Das sieht auch die Ausstiegsberaterin Petra Franetzki so. “Wir müssen die Biografien der Aussteiger aufarbeiten und begleiten sie im Schnitt drei Jahre”, sagt Franetzki, die bei der Ausstiegsberatung NinA NRW arbeitet. Seit NinA NRW vor elf Jahren gegründet wurde, habe die Beratung in jedem Jahr einen neuen Antrag auf Fortsetzung der Förderung stellen müssen. Die Unsicherheit, die bisher herrscht sei nicht nur für sie als Ausstiegsberaterin schlecht, sondern auch für die Aussteiger selbst.

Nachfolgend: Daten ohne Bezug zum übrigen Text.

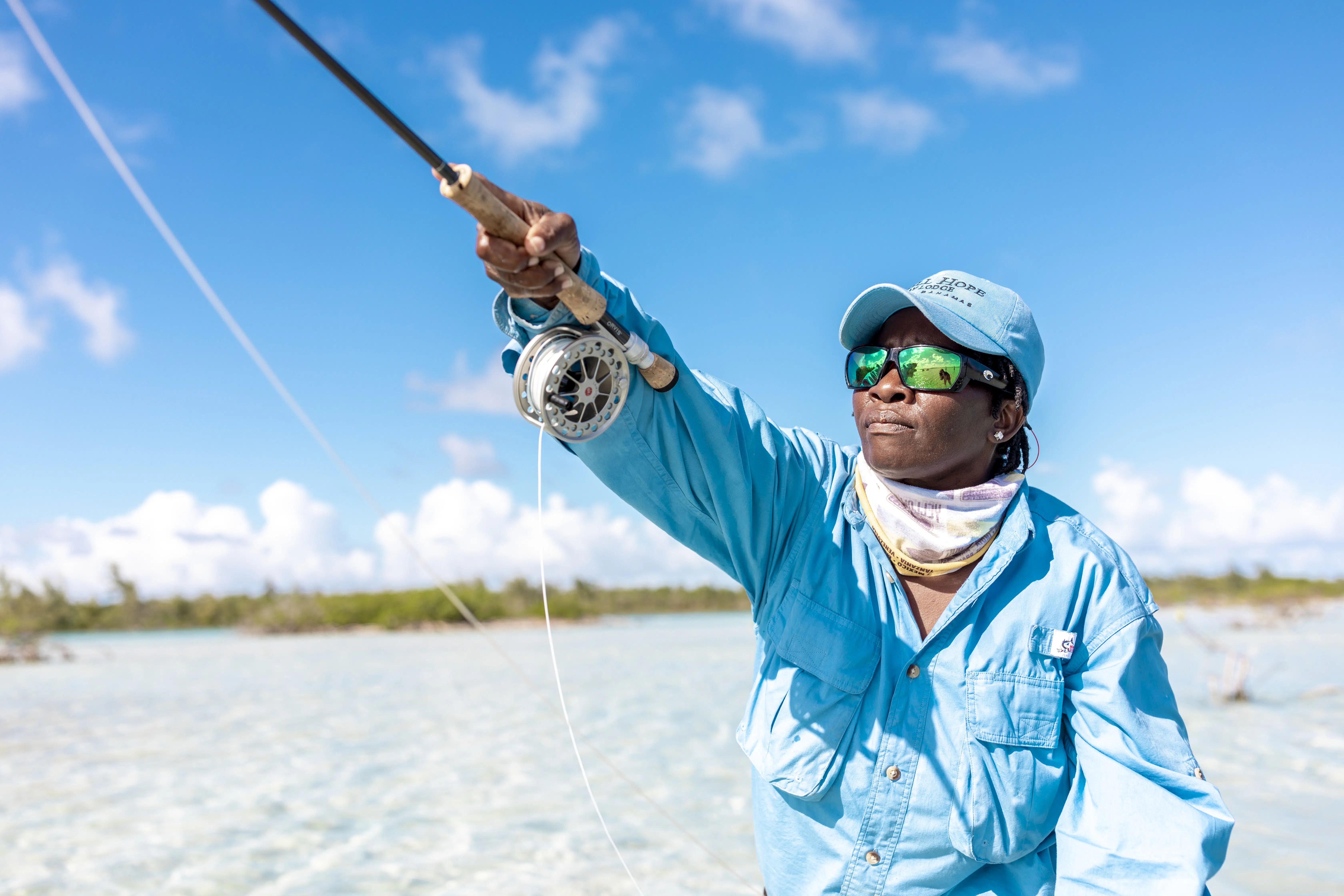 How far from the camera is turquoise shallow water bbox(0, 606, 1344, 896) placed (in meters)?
4.86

Kritik an der Studie zum Alltagsrassismus in der Gesellschaft
Einen Kompromiss ist der Kabinettsausschuss bei der Untersuchung von strukturellem Rassismus in der Polizei eingegangen. Bundesinnenminister Seehofer hatte eine Studie zum Thema Rassismus in der Polizei abgelehnt. Stattdessen gibt es jetzt eine Studie zu Alltagsrassismus in der Gesellschaft. “Man hätte schon auch einzelne Institutionen wie die Polizei oder die Bundeswehr untersuchen können”, findet Franetzki.

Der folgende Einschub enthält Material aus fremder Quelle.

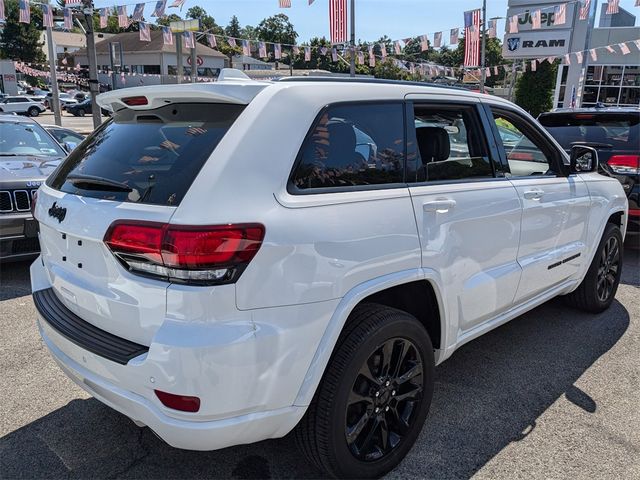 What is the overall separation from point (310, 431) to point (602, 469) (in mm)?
1534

Wer früher vielleicht noch eine Reichskriegsflagge im Spind hatte, hängt sie heute ans Fenster
Seit 2009 arbeitet sie als Ausstiegsberaterin und hat das Gefühl, dass rechte Tendenzen in der Gesellschaft seither zugenommen haben oder zumindest deutlicher sichtbar sind. “Alles ist sagbar geworden. Wer früher vielleicht noch eine Reichskriegsflagge im Spind hatte, hängt sie heute ans Fenster.” Dass jetzt auch die Politik auf diese Entwicklung reagiert, findet sie dementsprechend richtig: “Gut, dass sich damit beschäftigt wird.”